Les "moyens", comme le Sénégal, le Burkina, Madagascar, le Cameroun, la Côte d'Ivoire, etc. se situent autour de 35%.

Les plus faibles, par exemple la Mauritanie, le Niger ou le Mali, souvent les plus pauvres, comptent au minimum 15% de francophones réels.

Si on y ajoute l'ile Maurice, les Seychelles, les Comores, l'Algérie, le Maroc et la Tunisie : tout le continent africain compte trente-deux États où le français est reconnu officiellement.

Le français d'Afrique

Après plus d'un siècle et demi de contact francophone, les Africains ont ajouté leur propre grain de sel au français qu'ils parlent en l'enrichissant de particularités lexicales, syntaxiques et phonétiques. Il existe des français d'Afrique: par exemple, le nouchi, au Sénégal, ou le camfranglais au Cameroun, un argot fait d'un mélange de français, d'anglais et de parlers locaux.
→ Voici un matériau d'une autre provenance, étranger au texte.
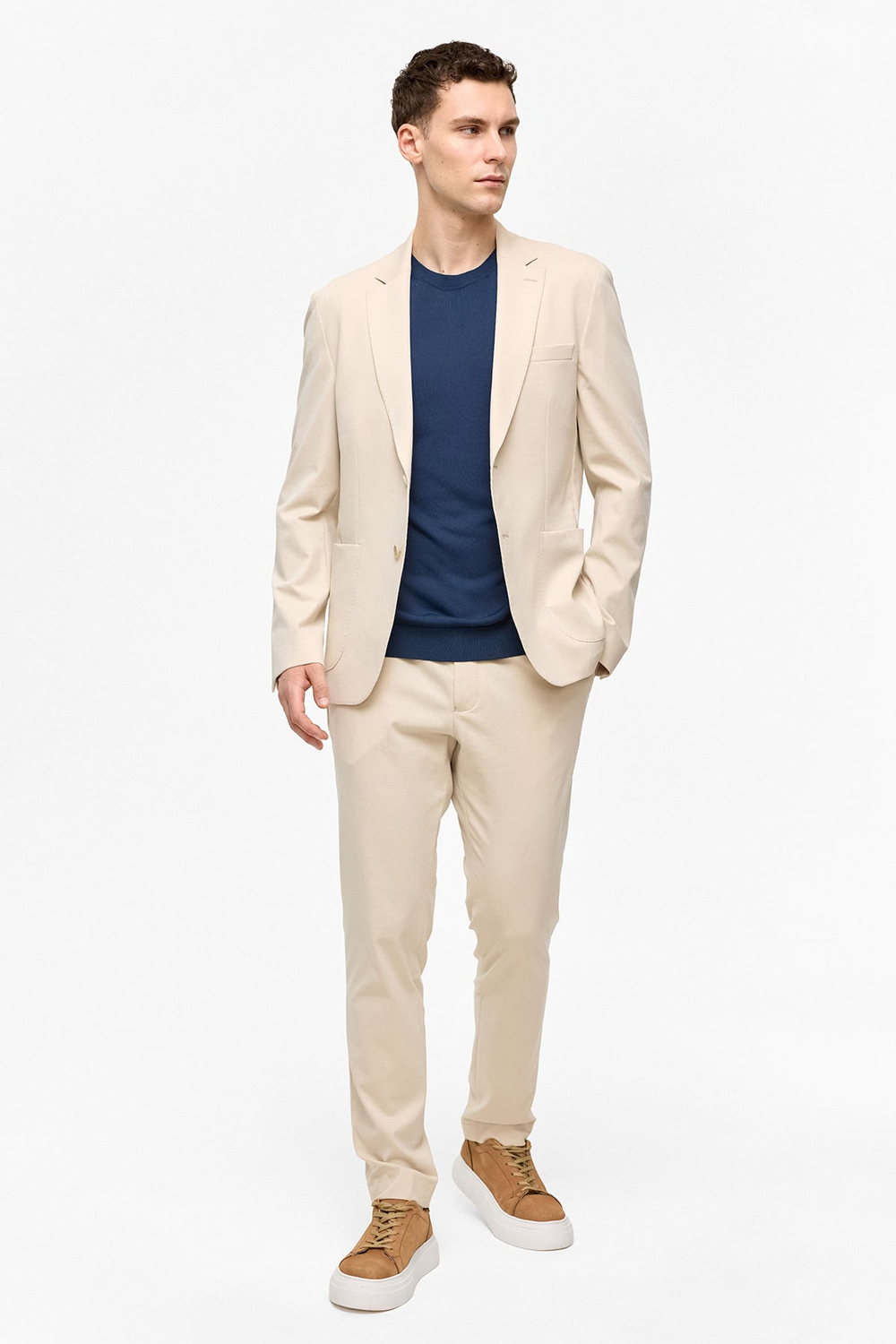 Bej Slim Fit Mono Yaka Ceket
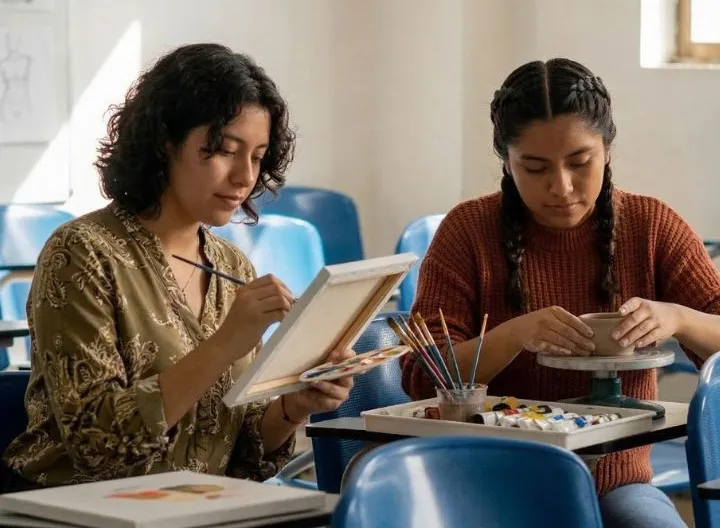 jovenes en un salón 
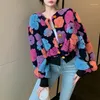 Womens Jackets 2023 Spring Three-Nsional Flower Cardigan Short Bubble Sleeve O Neck P Warm Coat Tops Women Clothing Jacket Drop Delive Dh3Ha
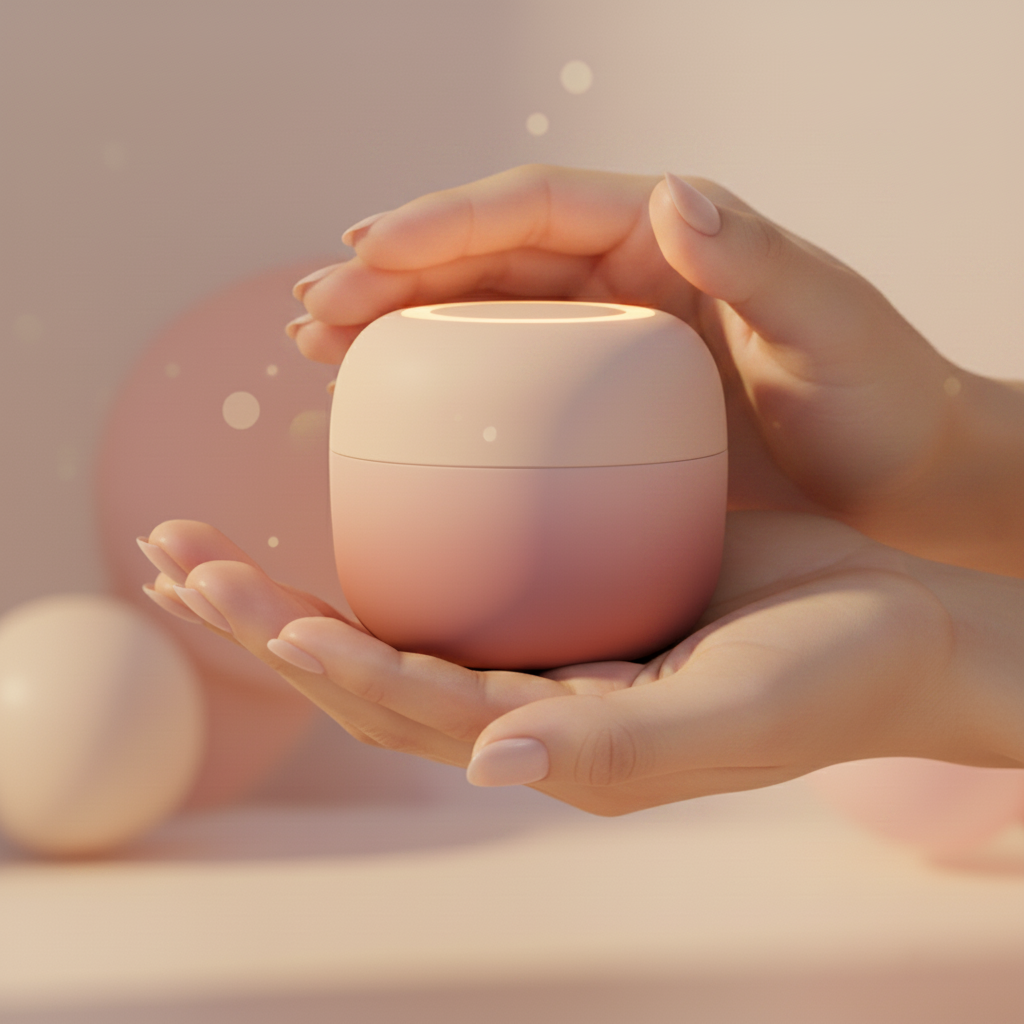 Hands holding the dewi portable lotion warmer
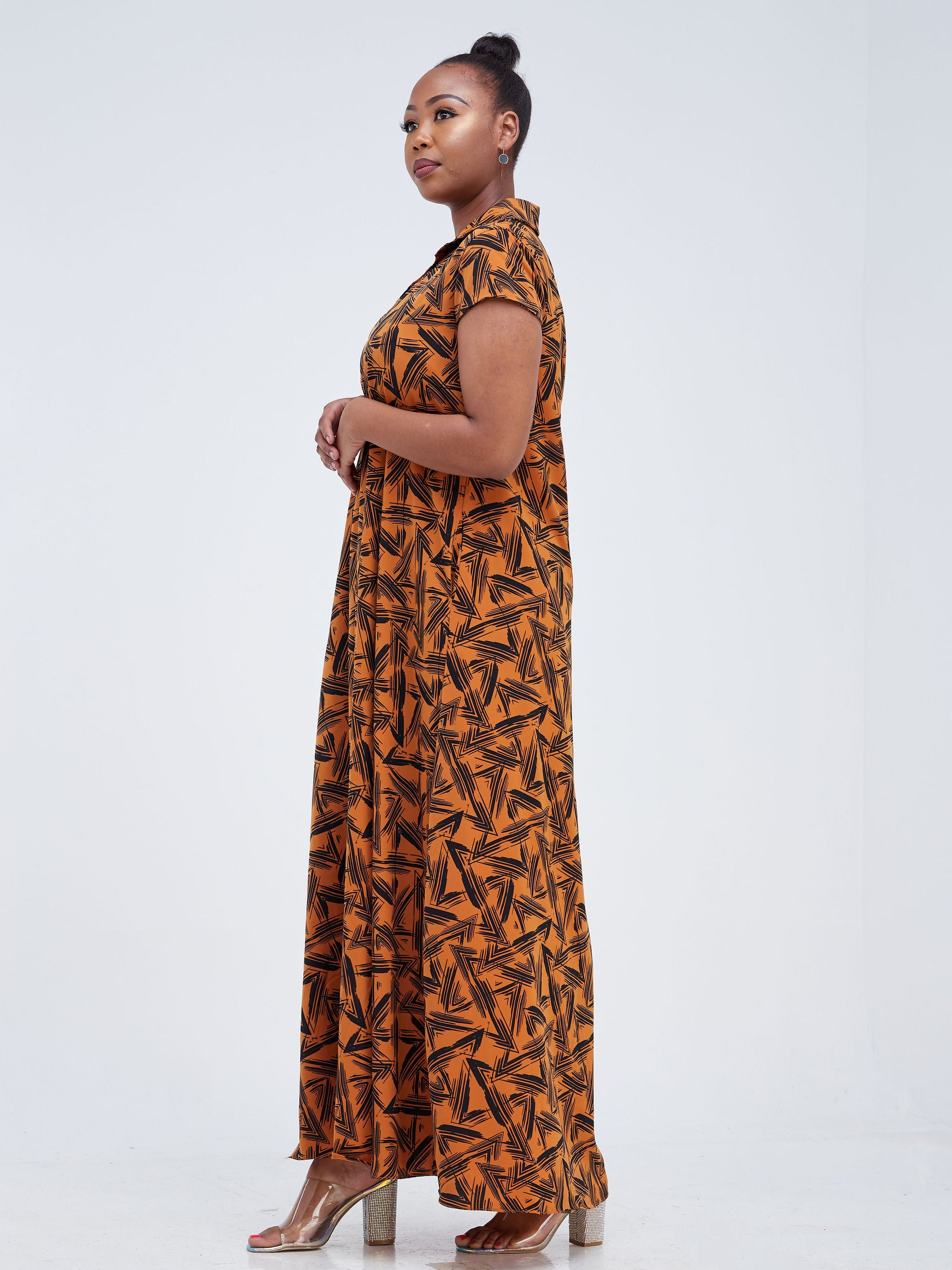 Vivo Zuri Cap Sleeved Maxi Dress - Brown Geometric Print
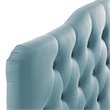 Pemberly Row Queen Diamond Tufted Performance Velvet Headboard in Light Blue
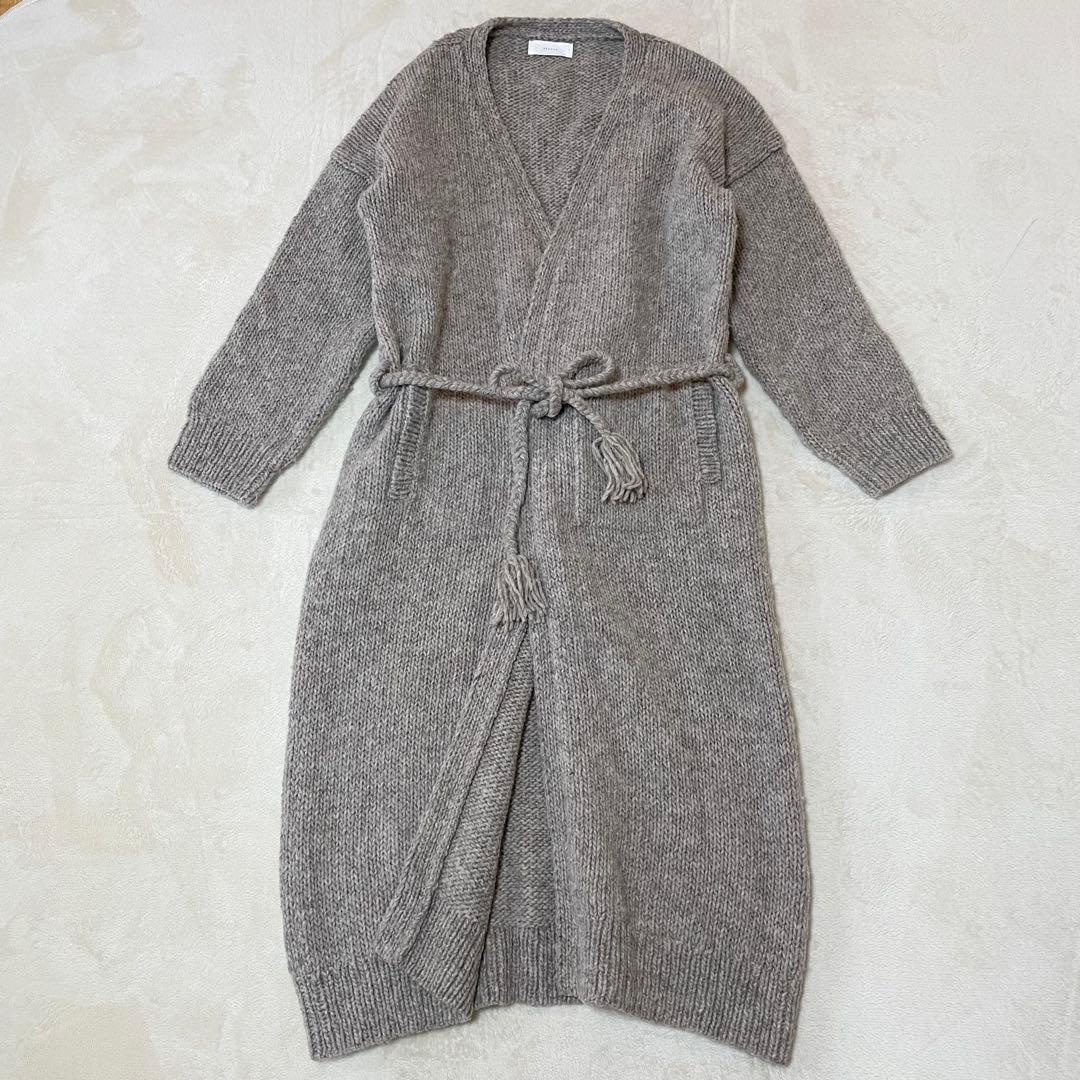 かぐれ　ロングカーディガン　ニットコート　ガウン　ウール　ペルー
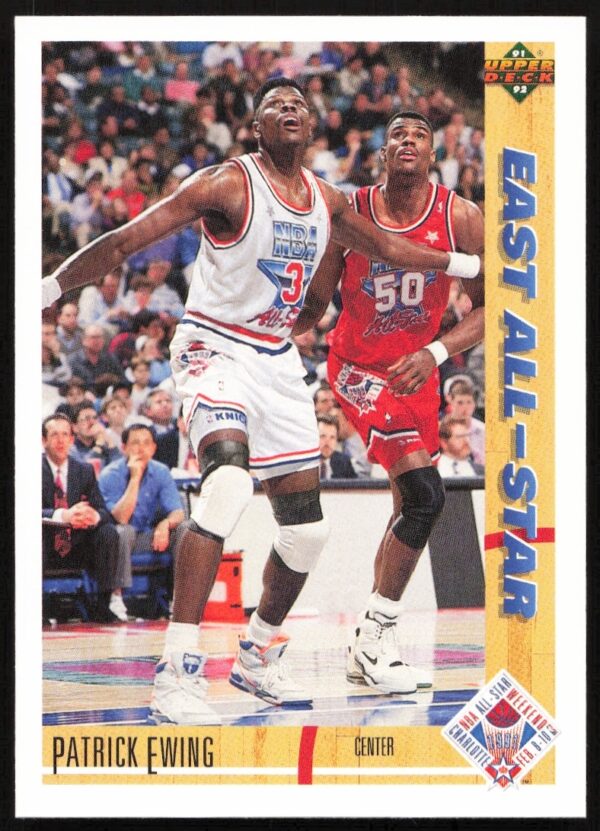 1991 Patrick Ewing Upper Deck Card #68 showcasing NBA legend in action.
En RDC, où ce sont les Belges qui ont introduit le français, on retrouve pas mal de belgicismes: septante, nonante, le bourgmestre, "savoir" pour "pouvoir", etc.

La créativité lexicale des Africains est étonnante: ambiancer (faire la fête), siester, une essencerie (station-service), le portier (gardien de but)... Des termes jugés très familiers, voire grossiers, en français de référence, sont employés couramment, comme se démerder, pour se débrouiller. Ou des images parfois très "énergiques": faire boutique mon cul pour se prostituer.

En RDC: L'article 15 est l'équivalent de notre "système D" (se débrouiller). Toujours en RDC: frousser veut dire "avoir la frousse, crever de trouille". Au Sénégal: une boule de neige, c'est un chou fleur!

D'autres langues "coloniales" ont laissé des traces dans le français africain: une signare, au Sénégal, est une belle et grande dame, d'après le portugais senhora.

Une littérature pleine de vitalité

En 1921, le Prix Goncourt récompense pour la première fois un écrivain noir : René Maran (Français antillais) pour son roman Batouala qui se passe en Oubangui (actuel Centrafrique). La préface, un vibrant appel à la décolonisation, augmente son succès.

Toutefois, le vrai pionnier de cette littérature négro-africaine en français est un poète et un professeur, le premier président du Sénégal: Léopold Sédar Senghor. Avec d'autres, il fonde le "mouvement de la négritude": assumer sans complexe le fait d'être noir.

Camara Laye, Cheikh Hamidou Kane, Ferdinand Oyono, Ousmane Sembène, etc... Les premiers grands auteurs sont déjà des classiques pour une littérature désormais en plein essor et qui ne laisse pas les femmes de côté: Mariama Bâ, Ken Bougoul, Léonora Miano, Aminata Sow Fall, Fatou Diomé, Calixthe Beyala...

Parmi les écrivains plus récents, il faut citer Alain Mabanckou (Congo-Brazzaville), Demain j'aurai vingt ans (2010), le Camerounais Eugène Ébodé: La Rose dans le bus jaune (2013), Brulant était le regard de Picasso (2021)... Et, bien sûr, le Sénégalais Mohamed Mbougar Sarr, pour La plus secrète mémoire des hommes, Prix Goncourt 2021, cent ans après René Maran.

La place des médias

Enfin, c'est bien sûr aussi à travers les médias que le français se diffuse en Afrique: l'audiovisuel et surtout la presse écrite, abondante et très diverse. Citons quelques quotidiens: Info-Plus, au Bénin. Le Soleil, au Sénégal. EcoMatin, au Cameroun. L'Agora, Fraternité-Matin, en Côte d'Ivoire. L'Avenir, Congo 24, au Congo-Kinshasa. Midi-Madaga-sikara, à Madagascar, etc.

La francophonie semble promise à un bel avenir en Afrique, à condition toutefois que la qualité de l'enseignement suive la progression démographique. Les États africains et l'OIF ne pourront pas éviter les efforts nécessaires au recrutement de professeurs bien formés et motivés, qui continueront à diffuser une langue correcte, gage de réussite sociale.